Спальни в квартире отделялись друг от друга вместительной кладовкой. Яша достал с дальней полки большую картонную коробку, полную разнообразных мальчишечьих сокровищ: в ней были аккуратно сложены солдатики, мотки цветной проволоки, пара-тройка конструкторов, похожий на настоящий пистолет с пистонами и калейдоскоп – одно из необъяснимых чудес детства. При вращении трубки осколки стекла внутри перекатывались и образовывали фантастические и неповторяющиеся цветные узоры. В эту трубку можно было смотреть часами. Лёнька ко всему, кроме калейдоскопа, отнёсся весьма холодно.
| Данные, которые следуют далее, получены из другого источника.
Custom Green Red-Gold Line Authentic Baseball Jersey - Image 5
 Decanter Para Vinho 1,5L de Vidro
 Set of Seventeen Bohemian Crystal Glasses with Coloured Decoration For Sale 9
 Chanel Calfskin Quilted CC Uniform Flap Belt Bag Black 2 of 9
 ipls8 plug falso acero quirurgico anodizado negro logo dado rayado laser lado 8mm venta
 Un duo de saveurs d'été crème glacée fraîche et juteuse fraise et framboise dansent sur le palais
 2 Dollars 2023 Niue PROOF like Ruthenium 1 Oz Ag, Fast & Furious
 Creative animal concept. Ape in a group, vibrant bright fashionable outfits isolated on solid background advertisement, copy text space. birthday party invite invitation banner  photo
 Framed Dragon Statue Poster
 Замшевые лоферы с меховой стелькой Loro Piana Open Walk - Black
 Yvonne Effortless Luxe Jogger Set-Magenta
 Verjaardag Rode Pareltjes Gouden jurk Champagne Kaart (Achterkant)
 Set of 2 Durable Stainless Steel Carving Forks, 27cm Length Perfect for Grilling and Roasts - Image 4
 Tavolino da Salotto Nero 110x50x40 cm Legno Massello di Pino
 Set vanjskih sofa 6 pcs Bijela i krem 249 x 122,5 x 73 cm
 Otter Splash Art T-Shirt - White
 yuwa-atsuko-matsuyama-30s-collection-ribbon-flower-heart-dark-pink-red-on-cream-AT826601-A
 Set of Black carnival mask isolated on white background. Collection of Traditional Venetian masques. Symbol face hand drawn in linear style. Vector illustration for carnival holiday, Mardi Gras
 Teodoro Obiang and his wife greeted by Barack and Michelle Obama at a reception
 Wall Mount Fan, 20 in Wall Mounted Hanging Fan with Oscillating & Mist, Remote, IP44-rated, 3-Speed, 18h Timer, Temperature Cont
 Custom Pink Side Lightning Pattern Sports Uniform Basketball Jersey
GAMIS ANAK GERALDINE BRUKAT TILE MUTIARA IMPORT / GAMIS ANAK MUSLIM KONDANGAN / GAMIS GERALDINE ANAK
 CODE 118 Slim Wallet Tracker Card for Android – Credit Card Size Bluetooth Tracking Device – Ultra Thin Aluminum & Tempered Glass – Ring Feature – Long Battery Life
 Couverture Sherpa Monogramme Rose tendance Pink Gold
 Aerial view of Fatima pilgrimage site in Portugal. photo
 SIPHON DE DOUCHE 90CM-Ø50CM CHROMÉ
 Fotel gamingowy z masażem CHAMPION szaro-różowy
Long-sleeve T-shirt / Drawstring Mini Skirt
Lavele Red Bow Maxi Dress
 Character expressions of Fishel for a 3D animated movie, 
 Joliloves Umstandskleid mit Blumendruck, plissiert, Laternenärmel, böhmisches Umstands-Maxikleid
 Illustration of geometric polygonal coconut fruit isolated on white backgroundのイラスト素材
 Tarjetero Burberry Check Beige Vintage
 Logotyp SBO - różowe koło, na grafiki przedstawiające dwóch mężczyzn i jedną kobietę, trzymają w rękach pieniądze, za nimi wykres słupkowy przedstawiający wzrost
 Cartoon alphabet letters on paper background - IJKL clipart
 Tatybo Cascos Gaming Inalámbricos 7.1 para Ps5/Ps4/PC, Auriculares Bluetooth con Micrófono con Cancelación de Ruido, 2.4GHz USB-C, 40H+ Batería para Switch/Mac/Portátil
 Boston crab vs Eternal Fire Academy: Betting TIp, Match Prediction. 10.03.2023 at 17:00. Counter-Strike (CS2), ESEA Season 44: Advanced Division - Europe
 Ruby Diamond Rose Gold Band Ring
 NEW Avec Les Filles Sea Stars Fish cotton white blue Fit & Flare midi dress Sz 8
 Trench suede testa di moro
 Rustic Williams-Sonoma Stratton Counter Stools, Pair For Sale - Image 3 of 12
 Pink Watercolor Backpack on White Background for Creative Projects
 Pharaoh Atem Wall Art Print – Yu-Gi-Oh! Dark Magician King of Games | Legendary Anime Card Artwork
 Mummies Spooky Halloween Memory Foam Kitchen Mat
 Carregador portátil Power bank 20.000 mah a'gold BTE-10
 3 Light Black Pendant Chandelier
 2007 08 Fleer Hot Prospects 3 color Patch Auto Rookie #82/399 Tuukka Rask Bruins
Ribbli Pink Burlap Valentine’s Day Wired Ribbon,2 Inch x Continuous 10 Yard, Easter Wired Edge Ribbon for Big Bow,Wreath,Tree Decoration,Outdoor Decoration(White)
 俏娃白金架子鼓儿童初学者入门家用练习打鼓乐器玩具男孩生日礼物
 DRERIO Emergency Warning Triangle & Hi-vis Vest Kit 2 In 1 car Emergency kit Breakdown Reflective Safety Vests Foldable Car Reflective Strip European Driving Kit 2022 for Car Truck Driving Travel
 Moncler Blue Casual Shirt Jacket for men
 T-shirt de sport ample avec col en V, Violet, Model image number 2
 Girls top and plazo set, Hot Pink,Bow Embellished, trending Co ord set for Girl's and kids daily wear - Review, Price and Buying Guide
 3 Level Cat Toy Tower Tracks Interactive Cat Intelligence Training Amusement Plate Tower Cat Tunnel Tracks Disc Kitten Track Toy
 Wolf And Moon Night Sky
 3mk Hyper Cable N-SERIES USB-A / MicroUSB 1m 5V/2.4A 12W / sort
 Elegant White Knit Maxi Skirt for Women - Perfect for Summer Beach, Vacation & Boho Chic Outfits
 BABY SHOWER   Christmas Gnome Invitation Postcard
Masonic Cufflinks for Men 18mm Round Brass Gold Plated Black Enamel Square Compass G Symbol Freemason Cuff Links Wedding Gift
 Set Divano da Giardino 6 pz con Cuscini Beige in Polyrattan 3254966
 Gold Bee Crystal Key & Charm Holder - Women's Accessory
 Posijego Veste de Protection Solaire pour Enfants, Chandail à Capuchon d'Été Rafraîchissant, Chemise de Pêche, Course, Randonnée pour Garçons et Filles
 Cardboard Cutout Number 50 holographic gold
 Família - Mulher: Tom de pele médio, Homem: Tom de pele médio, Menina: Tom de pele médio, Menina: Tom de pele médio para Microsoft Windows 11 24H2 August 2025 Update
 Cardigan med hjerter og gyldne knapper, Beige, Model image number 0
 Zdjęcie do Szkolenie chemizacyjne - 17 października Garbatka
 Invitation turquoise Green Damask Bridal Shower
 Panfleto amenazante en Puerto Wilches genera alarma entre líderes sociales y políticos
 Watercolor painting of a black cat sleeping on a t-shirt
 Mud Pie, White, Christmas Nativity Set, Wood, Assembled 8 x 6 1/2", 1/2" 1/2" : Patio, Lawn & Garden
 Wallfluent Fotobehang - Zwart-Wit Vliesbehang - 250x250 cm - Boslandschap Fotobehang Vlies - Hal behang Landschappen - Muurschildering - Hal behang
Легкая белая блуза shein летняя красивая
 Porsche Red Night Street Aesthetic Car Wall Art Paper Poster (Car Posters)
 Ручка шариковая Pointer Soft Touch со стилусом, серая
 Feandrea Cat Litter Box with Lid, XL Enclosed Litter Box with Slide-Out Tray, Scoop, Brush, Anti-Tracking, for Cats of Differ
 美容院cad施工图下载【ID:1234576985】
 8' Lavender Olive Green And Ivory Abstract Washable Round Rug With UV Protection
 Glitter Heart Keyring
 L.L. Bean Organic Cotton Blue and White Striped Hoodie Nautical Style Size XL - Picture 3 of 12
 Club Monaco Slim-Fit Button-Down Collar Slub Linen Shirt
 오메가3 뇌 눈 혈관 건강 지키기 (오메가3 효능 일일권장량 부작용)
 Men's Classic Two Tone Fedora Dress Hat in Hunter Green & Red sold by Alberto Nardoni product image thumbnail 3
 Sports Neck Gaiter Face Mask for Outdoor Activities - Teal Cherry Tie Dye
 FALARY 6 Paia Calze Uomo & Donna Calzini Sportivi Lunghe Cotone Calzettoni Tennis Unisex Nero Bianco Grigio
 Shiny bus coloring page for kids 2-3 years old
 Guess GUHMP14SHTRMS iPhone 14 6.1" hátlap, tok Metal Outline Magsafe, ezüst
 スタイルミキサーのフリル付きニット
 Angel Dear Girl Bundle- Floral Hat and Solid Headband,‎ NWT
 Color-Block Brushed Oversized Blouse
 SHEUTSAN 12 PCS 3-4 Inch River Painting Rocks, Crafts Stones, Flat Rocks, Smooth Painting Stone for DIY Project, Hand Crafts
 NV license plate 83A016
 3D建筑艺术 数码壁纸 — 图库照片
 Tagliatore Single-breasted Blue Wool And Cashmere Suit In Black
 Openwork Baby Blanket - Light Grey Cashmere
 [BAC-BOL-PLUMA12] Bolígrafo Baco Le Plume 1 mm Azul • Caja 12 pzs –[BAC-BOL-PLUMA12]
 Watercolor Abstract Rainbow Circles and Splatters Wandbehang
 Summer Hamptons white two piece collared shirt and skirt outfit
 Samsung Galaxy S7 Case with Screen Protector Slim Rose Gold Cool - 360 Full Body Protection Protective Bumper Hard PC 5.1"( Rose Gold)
– Читать любишь? – спросил Яша и открыл дверцу секретера, за которой прятались тома дефицитной «Библиотеки современной фантастики».

– О, – оживился Лёнька и, не обращая внимания на книги, потянулся к стопке журналов «Вокруг света».

– Гррррр, я тебя сейчас укушу! – рычал через полчаса Пашка, завернувшись в рыжую махровую простыню и изображая злого африканского льва с огромной гривой.

Лёнька в своей новой постели отмахивался от Пашки журналом, как от надоедливого москита, и хохотал.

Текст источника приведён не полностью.